The foreign exchange market is once again showing a trend towards strengthening of the US currency, although in the middle of the week the US dollar may have gotten under a fairly strong pressure after the publication of weak data on retail sales in the US. Unexpectedly for many investors the data turned out to be much worse than the forecasted values, against which the Atlanta Federal Reserve revised its forecast on the growth rates of the U.S. GDP for the 2nd quarter from 1.6% to 1.1%. Positive statistical reports published on Thursday, as well as weakening of other G7 currencies, helped to save the situation, which contributed to the growth of the dollar index.
The strongest bullish impulse for the dollar index was the weakening of the European and British currencies, which were under strong pressure in the second half of the week. Pressure was exerted by the resignation of Theresa May's government. Earlier May repeatedly stated that she intends to resign after the ratification of the agreement on the UK's exit from the EU, but, against the background of failures in negotiations with Labour and pressure from fellow party members, on Thursday May announced that she will resign after another vote in Parliament, scheduled for early June. May will resign, however, regardless of the outcome of the vote.
Almost immediately thereafter, Labour announced the virtual cessation of inter-party negotiations with the on-the-verge-of-collapse government, which means another failure of May's plan in the parliamentary vote and further aggravation of the political crisis in the country. At the same time, many investors are afraid that May may be replaced by conservatives who may nominate a candidate to support a rigid Brexit scenario, which may entail serious economic losses for both the UK and the European Union.
Against this background, by Friday the pair GBP/USD fell to its lowest level since mid-January this year and may continue to decline to new multi-month lows.
The European currency also trades with a decline and gradually loses its position to the dollar.
The pair USD/JPY was traded at the level of the trading week opening for almost the entire five-day period. The dollar and major stock indices growth stopped a strong bearish trend, which we observed a week earlier.
Precious metals market
Gold demonstrated very volatile trading during the week, against the background of the situation in the world trade. On Monday, gold quotations grew by more than 1% after mutual threats of the USA and China. On Tuesday, the situation changed dramatically. Both sides showed a desire for de-escalation of the conflict as a result of which the demand for protective assets began to decline sharply and gold returned to the opening levels of the trading week. Significant pressure on the price was also put by the U.S. dollar, which significantly strengthened its market position in the second half of the week.
The oil market was mainly forming an ascending vector of movement after a slight decrease in quotations on Monday. The growth driver was the Middle East situation escalation. On Sunday an armed attack on two Saudi oil tankers was reported, and on Monday Saudi Arabia reported a drone strike on one of the oil pipelines, which was closed for security purposes. Riyadh and Washington accused Iran of these attacks, sanctions against which were tightened by the United States in early May. Investors fear that further escalation of conflict in the region could lead to significant disruptions in energy supplies to world markets.

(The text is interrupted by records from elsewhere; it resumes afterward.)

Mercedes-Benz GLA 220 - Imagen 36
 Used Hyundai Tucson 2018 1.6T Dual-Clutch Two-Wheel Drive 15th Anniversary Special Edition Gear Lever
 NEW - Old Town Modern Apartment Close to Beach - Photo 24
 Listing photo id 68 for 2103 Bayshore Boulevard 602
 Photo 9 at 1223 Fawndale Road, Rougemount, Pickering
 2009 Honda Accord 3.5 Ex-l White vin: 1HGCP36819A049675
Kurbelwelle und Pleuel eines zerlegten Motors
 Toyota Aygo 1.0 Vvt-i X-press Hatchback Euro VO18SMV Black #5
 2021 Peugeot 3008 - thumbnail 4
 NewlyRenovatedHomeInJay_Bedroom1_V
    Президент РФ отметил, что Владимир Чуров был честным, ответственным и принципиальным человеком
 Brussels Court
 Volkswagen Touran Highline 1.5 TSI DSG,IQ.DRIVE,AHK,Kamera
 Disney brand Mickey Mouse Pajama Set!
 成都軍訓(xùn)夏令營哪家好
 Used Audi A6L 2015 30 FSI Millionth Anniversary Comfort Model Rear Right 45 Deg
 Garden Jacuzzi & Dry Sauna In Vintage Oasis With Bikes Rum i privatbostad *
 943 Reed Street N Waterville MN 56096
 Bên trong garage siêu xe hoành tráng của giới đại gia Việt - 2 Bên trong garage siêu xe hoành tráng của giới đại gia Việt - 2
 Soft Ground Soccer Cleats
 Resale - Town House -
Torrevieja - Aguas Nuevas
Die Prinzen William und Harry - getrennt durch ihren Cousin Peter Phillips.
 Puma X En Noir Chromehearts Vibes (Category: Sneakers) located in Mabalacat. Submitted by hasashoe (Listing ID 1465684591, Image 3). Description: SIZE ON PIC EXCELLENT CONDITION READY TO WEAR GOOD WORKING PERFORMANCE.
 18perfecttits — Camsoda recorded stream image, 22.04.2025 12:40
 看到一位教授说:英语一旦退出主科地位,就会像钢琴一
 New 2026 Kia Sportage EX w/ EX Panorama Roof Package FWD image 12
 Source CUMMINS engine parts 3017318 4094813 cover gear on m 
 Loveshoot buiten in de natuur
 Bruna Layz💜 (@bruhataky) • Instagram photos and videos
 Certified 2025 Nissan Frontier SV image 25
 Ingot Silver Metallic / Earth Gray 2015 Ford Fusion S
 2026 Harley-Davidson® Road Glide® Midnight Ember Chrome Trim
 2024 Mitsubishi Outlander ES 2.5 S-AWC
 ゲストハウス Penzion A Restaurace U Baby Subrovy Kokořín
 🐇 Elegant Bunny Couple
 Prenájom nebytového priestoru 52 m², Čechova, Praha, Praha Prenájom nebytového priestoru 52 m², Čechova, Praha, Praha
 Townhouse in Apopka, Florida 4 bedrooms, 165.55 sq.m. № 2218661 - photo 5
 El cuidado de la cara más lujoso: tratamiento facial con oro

The stock markets demonstrated rather volatile trading during the week in a strong reaction to the news related to the world trade. On Monday, the U.S. indices showed the strongest intraday decline since the beginning of the year, after the aggravation of trade contradictions between the U.S. and China. On Tuesday, the market turned around by 180° reacting to the rhetoric softening on both sides. As a result, during the week the main indices managed to recover the losses incurred on Monday.